Friday, August 8, 2008

Microsoft: No Digital Head Yet, But Should It Strike Again at Yahoo’s?

Once burnt, twice shy?

I suppose that’s the reason Microsoft is not loaded for bear and headed back down to Sunnyvale to make another play for Yahoo right now.

Not even after Jerry Yang orchestrated activist investor Carl Icahn’s defenestration, by inviting him on the board at Yahoo (YHOO), where he will be 100 percent silenced.

Not even after the stranger-than-fiction shareholder vote miscount (oops–we thought no meant yes!).

Not even after Yahoo stock’s consistent flirting-with-the-teens price.

Not even after its second-quarter results made it clear that it’ll be an uphill battle for Yahoo management to achieve the aggressive financial plans outlined when the Internet company was fending off Microsoft’s takeover bid.

So while opportunity is surely knocking for Microsoft (MSFT), especially if it wants to reach its stated goal of competing with Google (GOOG) in the online space, the software giant prefers not to answer the door right now.

Sources close to Microsoft’s thinking say the company is waiting for the right time, when Yahoo’s stock price is even lower and when Wall Street completely gives up on management, to figure out the next move.
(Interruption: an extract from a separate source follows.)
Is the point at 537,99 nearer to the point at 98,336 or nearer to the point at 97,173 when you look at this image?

Instead of acting, according to sources, and taking more flak for those actions, the whole brain trust up there is taking a breather and biding its time.

(In fact, many top Microsoft execs are on vacation, which is why August is a good time for Yang–who is himself headed to China for the Olympics–not to worry about a hostile attack.)

The strategy? Sitting in the grass–waiting, watching and making plans.

But, in truth, Microsoft cannot really make plans–except for the vague we’ll-keep-coming-and-coming in the online search and display business motto–until it decides the best way to reach its intended goals.

The first order of business, of course, remains the selection of a digital czar, which was promised by Microsoft CEO Steve Ballmer after top exec Kevin Johnson quit unexpectedly several weeks ago.

As BoomTown previously reported, the top inside contender is SVP Brian McAndrews, who came to Microsoft via its pricey $6 billion acquisition of aQuantive.

And Microsoft’s future-of-software guru Ray Ozzie remains a favorite choice of the troops.

But, sources said, Ballmer is still interested in a possible high-profile outsider coming in to shake things up.

The problem is, most such execs see the job for what it is–a potential tar baby that will only muck their careers up and produce no easy victories.

“Who wants the headache?,” said one outside exec who has been contacted by Microsoft. “While there might be upside there, the downside is much more significant.”

Thus, sitting very still for now might, indeed, be Microsoft’s best choice. It certainly is a lot less messy.

Friday, July 25, 2008

Would Ray Ozzie Take On(line) for the Microsoft Team?

One thing is absolutely true: It is Microsoft CEO Steve Ballmer and only Ballmer who knows for sure whom he is most interested in to take over the dicey job of head of the software giant’s long-suffering online services business.

But there is a movement afoot among its developers and other execs at Microsoft (MSFT) to push for Chief Software Architect Ray Ozzie (pictured here), who replaced Founder Bill Gates in the job just over two years ago.

Ozzie’s role at Microsoft has been to think the big thoughts about where computing is going, and he has been integral to the company’s vision of providing “software plus services.”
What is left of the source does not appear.